▸ MATERIAL SUPPLIED

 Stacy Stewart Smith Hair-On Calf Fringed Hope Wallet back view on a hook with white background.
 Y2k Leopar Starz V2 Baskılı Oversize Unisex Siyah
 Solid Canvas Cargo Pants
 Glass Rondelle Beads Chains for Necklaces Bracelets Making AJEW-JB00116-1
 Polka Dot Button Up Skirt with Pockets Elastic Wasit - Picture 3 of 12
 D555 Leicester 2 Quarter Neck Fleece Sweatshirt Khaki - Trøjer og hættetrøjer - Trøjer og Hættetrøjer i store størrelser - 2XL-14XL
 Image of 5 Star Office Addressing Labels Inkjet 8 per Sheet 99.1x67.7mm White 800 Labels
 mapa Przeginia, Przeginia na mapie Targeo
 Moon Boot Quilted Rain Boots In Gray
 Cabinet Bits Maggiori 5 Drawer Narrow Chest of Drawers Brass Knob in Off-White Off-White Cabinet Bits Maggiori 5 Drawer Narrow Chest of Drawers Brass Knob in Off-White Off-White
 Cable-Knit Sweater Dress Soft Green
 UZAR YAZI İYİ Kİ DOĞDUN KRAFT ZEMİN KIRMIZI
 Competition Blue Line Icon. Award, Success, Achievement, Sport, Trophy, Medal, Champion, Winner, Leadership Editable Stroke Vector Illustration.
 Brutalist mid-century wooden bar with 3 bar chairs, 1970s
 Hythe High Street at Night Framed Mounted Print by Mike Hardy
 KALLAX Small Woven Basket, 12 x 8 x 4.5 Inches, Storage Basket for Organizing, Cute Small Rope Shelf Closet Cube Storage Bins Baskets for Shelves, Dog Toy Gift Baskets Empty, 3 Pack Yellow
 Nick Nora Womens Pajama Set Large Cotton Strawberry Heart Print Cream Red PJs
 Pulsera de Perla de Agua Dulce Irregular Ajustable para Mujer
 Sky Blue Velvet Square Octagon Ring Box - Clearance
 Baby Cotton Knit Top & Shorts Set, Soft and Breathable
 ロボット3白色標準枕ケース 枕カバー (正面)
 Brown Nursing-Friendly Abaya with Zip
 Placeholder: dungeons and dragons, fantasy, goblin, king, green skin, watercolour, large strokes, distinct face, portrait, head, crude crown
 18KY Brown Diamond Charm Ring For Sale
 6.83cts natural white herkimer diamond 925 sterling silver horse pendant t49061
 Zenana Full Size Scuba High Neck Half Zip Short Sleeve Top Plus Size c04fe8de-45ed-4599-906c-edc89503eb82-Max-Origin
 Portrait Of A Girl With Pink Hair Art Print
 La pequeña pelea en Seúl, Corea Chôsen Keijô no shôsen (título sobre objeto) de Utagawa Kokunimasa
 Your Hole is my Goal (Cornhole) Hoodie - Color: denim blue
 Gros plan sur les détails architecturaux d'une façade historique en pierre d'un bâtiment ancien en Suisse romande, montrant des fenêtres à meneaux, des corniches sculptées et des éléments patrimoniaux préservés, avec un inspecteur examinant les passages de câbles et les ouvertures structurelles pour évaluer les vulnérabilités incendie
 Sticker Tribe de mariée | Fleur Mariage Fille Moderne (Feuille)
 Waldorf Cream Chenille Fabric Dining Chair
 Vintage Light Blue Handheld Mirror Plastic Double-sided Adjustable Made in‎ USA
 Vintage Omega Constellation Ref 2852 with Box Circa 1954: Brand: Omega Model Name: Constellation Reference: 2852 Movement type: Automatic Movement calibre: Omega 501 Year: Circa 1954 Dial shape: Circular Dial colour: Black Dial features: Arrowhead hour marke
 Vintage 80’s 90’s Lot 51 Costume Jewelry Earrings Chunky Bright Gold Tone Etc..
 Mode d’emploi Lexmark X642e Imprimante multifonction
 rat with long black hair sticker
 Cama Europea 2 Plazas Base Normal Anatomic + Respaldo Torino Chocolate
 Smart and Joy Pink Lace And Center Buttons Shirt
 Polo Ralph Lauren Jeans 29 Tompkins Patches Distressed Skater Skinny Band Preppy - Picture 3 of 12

▸ BRIEF
Nothing but a number should be written: how many lines of the preceding listing contain "High".

▸ TASK SOLUTION
2